[Start of section]

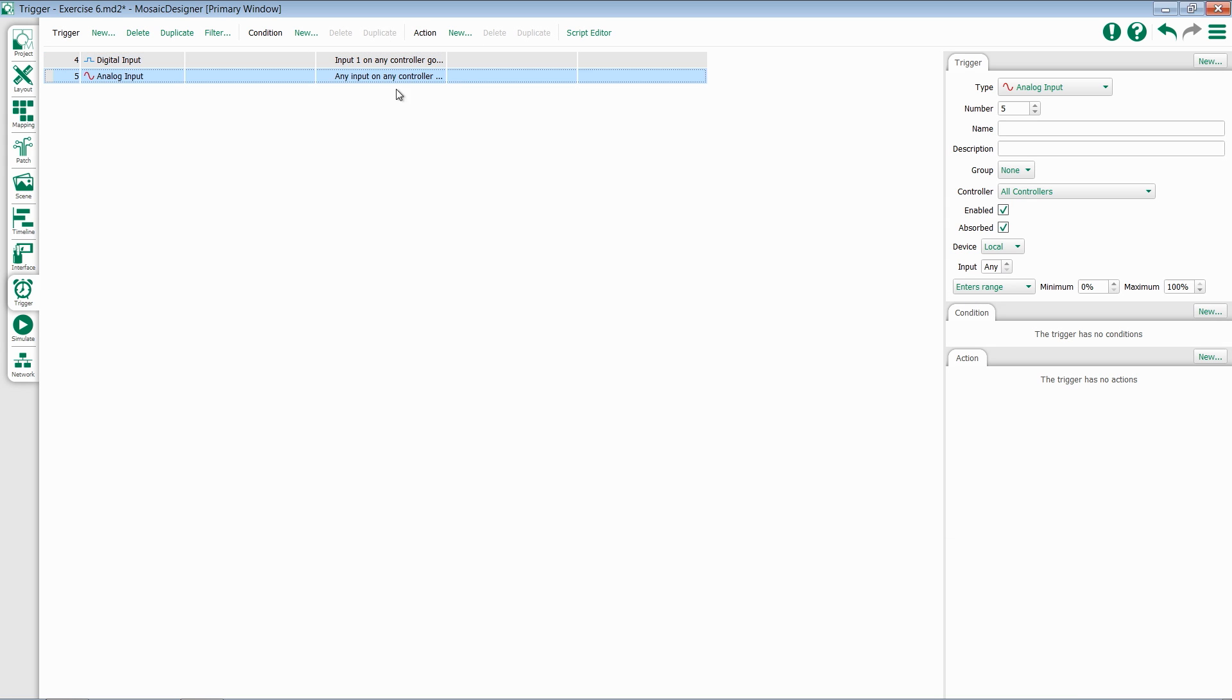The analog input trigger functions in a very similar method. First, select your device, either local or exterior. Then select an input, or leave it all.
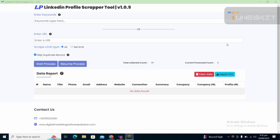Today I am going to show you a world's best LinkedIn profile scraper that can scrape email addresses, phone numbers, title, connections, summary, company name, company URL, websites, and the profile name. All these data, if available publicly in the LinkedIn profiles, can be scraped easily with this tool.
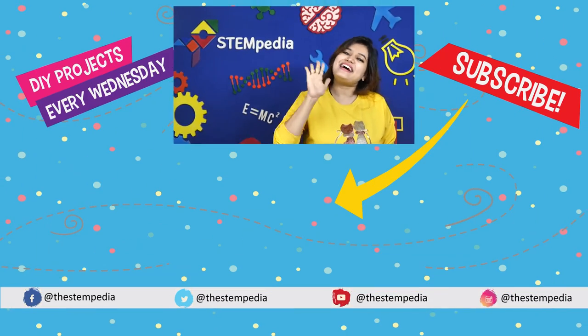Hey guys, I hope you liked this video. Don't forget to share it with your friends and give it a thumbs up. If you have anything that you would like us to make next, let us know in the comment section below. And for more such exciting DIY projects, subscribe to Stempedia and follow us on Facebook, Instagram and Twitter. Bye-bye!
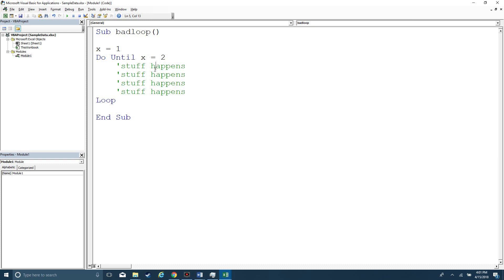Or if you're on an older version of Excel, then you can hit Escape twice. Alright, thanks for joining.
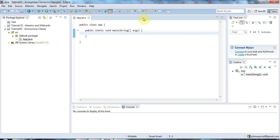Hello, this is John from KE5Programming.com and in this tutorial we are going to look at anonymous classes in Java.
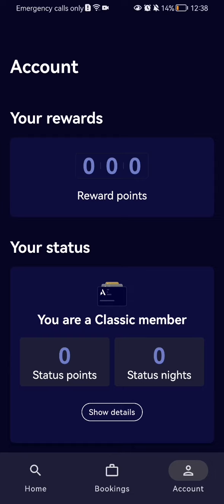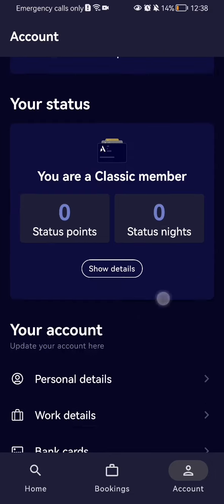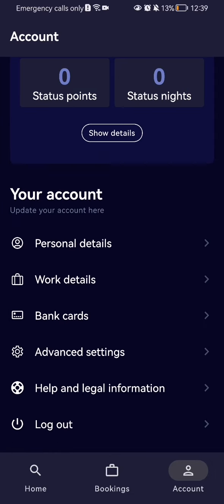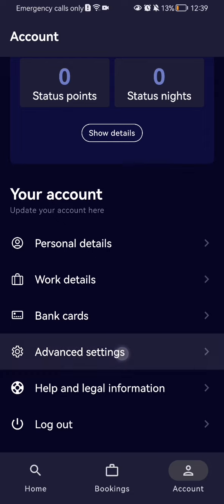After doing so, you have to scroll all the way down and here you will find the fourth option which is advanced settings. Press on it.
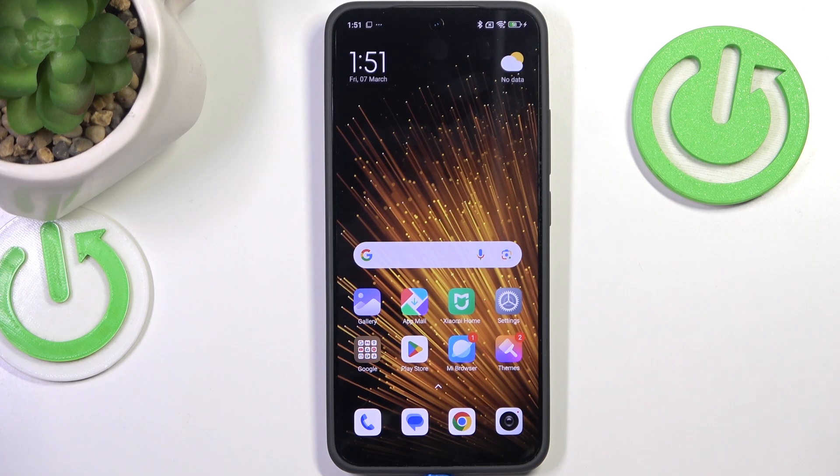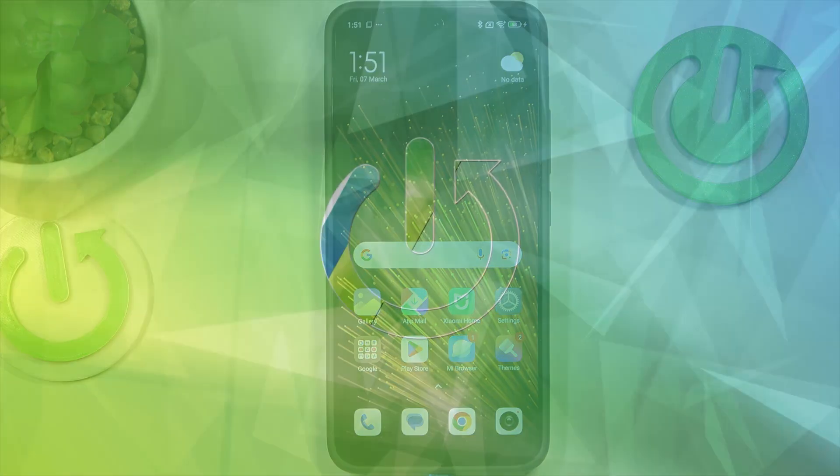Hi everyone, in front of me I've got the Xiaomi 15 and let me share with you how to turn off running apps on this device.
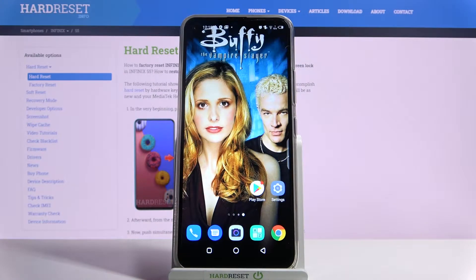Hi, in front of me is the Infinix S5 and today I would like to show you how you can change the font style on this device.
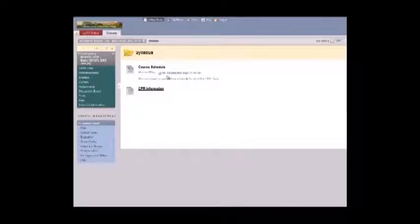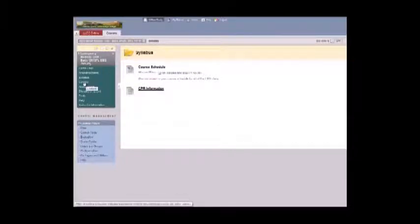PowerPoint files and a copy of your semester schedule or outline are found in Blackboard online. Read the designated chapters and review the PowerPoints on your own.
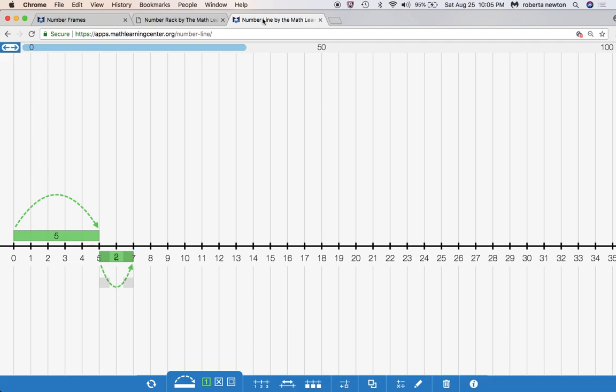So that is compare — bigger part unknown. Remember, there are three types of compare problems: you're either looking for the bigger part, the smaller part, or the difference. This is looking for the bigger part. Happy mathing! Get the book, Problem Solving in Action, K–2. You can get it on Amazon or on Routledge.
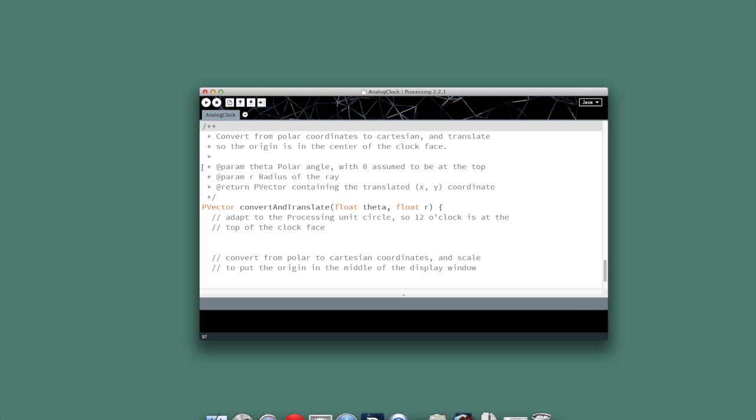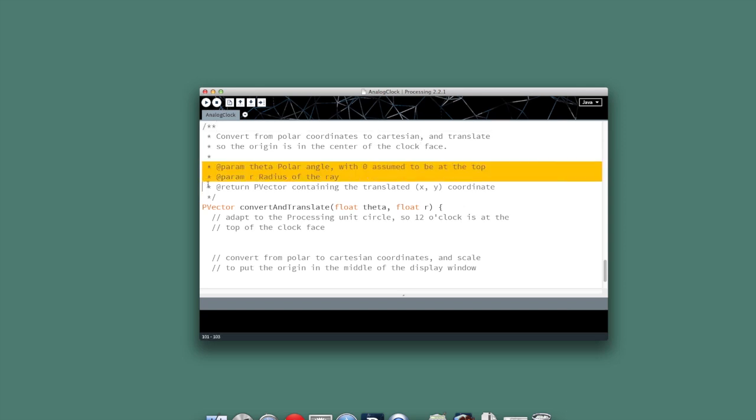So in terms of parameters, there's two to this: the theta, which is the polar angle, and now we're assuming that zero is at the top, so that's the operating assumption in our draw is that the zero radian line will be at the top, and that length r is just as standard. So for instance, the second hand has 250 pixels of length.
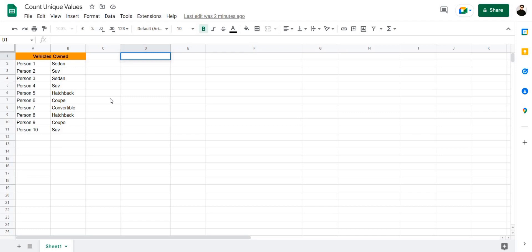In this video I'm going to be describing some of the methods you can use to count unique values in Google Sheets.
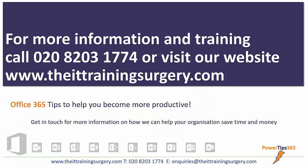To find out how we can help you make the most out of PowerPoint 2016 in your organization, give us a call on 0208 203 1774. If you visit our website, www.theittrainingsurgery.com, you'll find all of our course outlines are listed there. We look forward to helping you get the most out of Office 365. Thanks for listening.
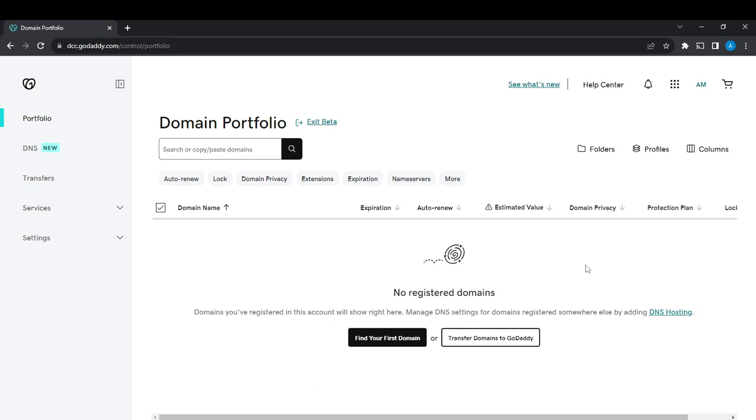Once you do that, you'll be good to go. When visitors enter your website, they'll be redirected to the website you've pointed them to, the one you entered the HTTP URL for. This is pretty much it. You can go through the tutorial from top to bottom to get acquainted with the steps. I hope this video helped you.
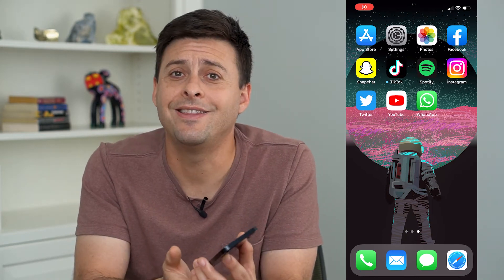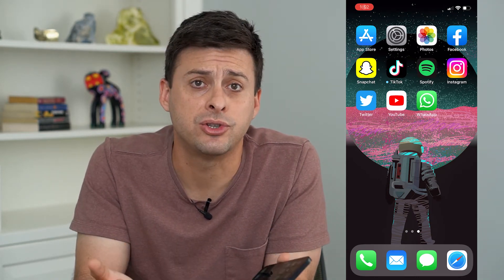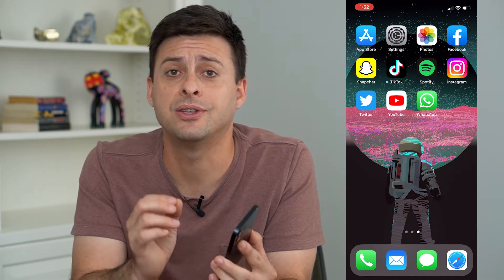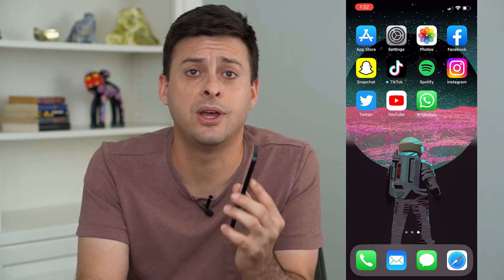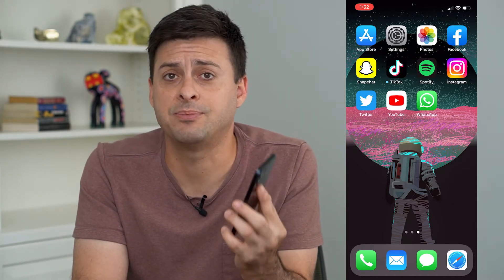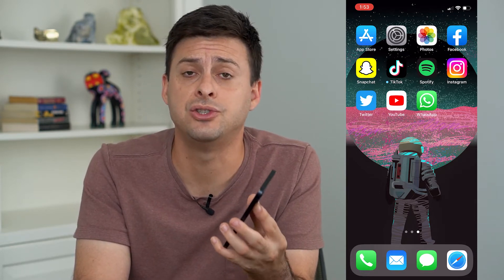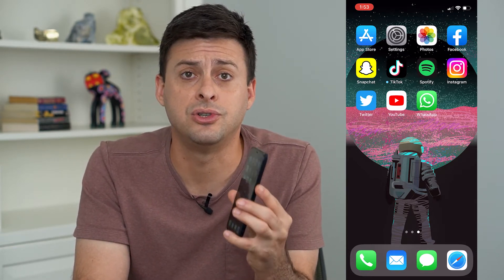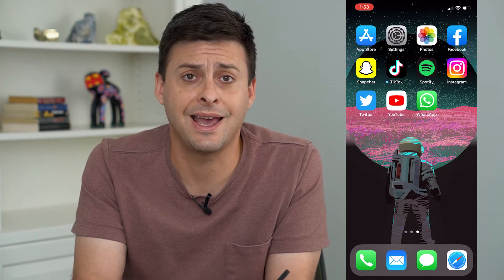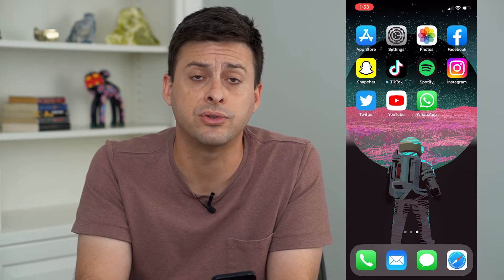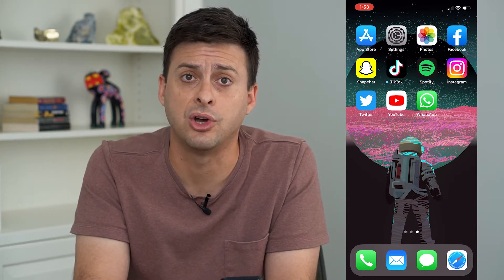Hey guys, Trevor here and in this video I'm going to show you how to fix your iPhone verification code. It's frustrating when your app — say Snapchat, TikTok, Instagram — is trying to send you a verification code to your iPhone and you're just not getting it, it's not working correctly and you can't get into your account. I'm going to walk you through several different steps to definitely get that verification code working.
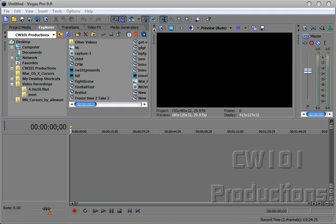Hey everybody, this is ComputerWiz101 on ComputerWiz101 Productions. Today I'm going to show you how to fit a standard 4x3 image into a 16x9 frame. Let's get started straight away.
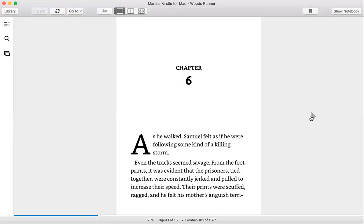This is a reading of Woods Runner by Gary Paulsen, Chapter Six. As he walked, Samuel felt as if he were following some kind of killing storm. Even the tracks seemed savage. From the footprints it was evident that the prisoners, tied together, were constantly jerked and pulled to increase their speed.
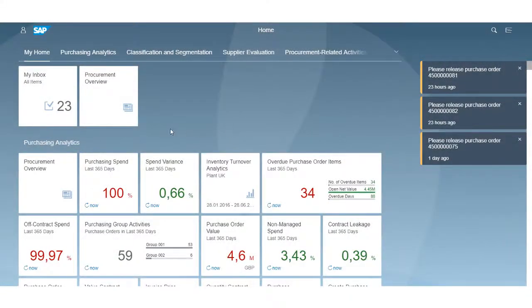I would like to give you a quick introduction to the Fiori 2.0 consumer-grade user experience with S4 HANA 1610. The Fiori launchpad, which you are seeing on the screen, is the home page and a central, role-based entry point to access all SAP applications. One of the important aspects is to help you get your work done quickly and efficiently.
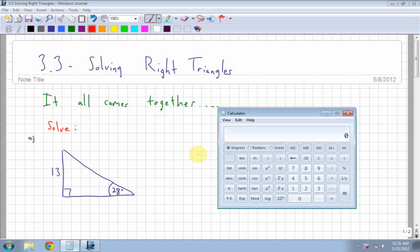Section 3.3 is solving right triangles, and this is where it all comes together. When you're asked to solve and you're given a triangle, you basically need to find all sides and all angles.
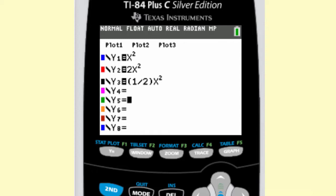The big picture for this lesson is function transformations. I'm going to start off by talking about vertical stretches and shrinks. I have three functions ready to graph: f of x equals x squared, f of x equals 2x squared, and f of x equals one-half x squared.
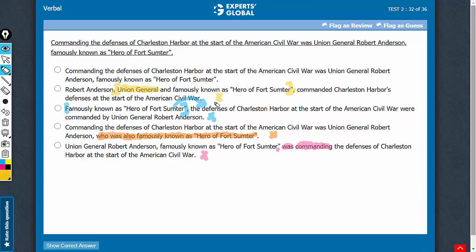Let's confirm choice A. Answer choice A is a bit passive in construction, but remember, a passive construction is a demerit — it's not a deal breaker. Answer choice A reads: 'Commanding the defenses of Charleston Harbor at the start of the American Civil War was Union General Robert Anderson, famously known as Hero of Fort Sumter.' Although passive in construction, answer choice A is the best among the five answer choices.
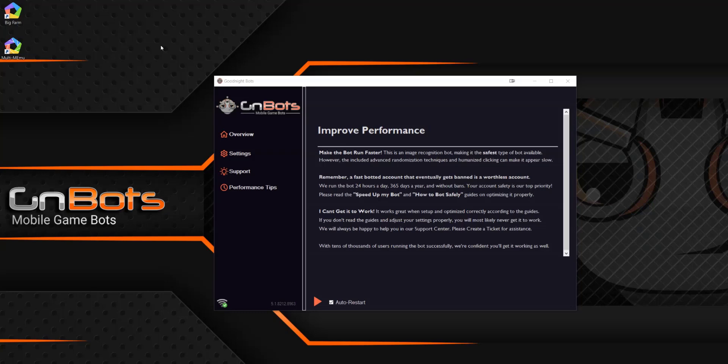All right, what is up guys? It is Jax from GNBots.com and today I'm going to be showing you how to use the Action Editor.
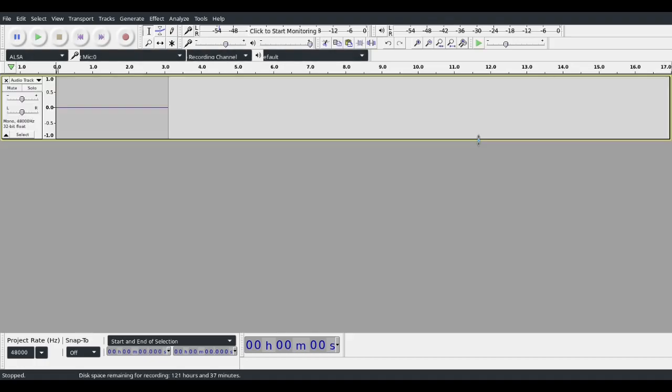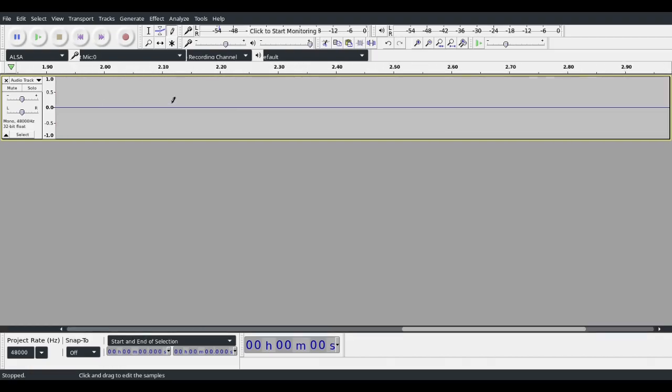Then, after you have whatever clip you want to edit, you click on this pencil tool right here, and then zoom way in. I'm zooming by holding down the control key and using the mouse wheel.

[End of section]

Exercise brief:
Copy back, word for word, every line between the top of the material above and the line that contains "Today I am going", both included, without any pictures.

Result below:
The analog input trigger functions in a very similar method. First, select your device, either local or exterior. Then select an input, or leave it all.
Today I am going to show you a world's best LinkedIn profile scraper that can scrape email addresses, phone numbers, title, connections, summary, company name, company URL, websites, and the profile name. All these data, if available publicly in the LinkedIn profiles, can be scraped easily with this tool.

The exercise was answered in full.